A story of survival gets lost in translation
As H.G. Adler’s novel begins, Josef is a small child on his way to downtown Prague with his grandmother to see the “panorama’’: colorful tableaus of famous landmarks — Vesuvius, Niagara Falls, the Great Pyramid — that can be viewed for the price of a ticket.
But the word “panorama’’ also describes this novel’s structure, which depicts Josef’s life in 10 meticulous tableaus ranging from his childhood, between the world wars, to post-World War II. The scenes occur in a seemingly eternal, yet somehow urgent present and lack any connective tissue: no context; no transitions between scenes; no dates to tell you when, where, or why; not even a sense of time passing, except that in each new scene Josef has grown older.
The panorama visit is a rare happy day for young Josef, whose life — at home, at the foster home to which he is inexplicably sent, and later at boarding school — is mostly miserable.

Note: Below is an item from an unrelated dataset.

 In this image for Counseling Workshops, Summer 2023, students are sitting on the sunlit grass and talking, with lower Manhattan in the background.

In adolescence, the atmosphere lightens a bit as Josef joins the Wanderers, a boys’ club that boasts strict standards and a definite philosophy — mostly having to do with not being a “philistine’’ (a broad category that includes teachers and parents).

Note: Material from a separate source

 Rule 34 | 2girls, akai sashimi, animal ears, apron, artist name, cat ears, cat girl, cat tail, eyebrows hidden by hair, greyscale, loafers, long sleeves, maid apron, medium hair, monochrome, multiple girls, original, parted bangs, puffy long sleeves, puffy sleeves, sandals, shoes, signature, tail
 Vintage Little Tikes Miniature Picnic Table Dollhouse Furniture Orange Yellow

Philosophy fascinates Josef. During his years as a student, tutor, and young academic, his philosophical quest continues, diverging in several directions including a flirtation with the spiritual realm.

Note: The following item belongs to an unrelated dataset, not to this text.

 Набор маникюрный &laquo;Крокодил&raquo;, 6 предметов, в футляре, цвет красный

But then Hitler invades Czechoslovakia, rendering all attempts to discover life’s meaning cruelly irrelevant. Josef, a Jew, is taken prisoner and sent to a work camp and later a death camp.
In the final chapter, Josef is living in voluntary exile in London, trying to integrate the disparate facts of his life into a coherent whole that will permit and justify some kind of future.
Adler’s conceit, the panoramic structure, is surprisingly effective: As you absorb each tableau and go on to the next, it becomes possible to look out over Josef’s life from one end to the other, as a member of the dynamic millennial culture of Jewish Prague — which Hitler dismantles and obliterates in less than 10 years.
And in retrospect, the vile elements that converged to permit the annihilation of so many millions were visible earlier in Josef’s history, stalking Jewish lives with the single-minded appetite of a vampire and relentlessly growing stronger.
Adler, a Czech Jew, was himself imprisoned in several work camps and death camps. He wrote “Panorama,’’ his first novel, soon after being liberated from Buchenwald in 1945. But it did not find a publisher for 20 years, and has only now been translated into English.
Unfortunately, this translation is virtually unreadable.
Granted, Peter Filkins, an award-winning translator, must have torn out his hair trying to reproduce in English Adler’s endless stream-of-consciousness German sentences. But acknowledging the task’s difficulty doesn’t change the fact that the result is a tangle of clumsy, uncoordinated sentences, painful to read: “. . .[M]emory is of no use, no matter how good and helpful it can be, but the present is something else, it being full of surprise and the unforeseeable, such that one should even dispense with any notion of free will, the desire for a view of the future that reveals all being unacceptable, Josef searching for the right words and finding that, yes, this desire is in fact impure, unclean, it is sinful, although he cannot deny that the horrible present circumstances prod each of us day in, day out, to conjure such a wish, at which Simon asks, ‘Do you have any hope, Josef?’ ’’
Actually, there is hope for Josef, but none for this translation of “Panorama.’’ Imre Kertesz’s powerful novel “Fateless’’ has a story and outcome that resonate in similar ways. If you have a choice, read that one.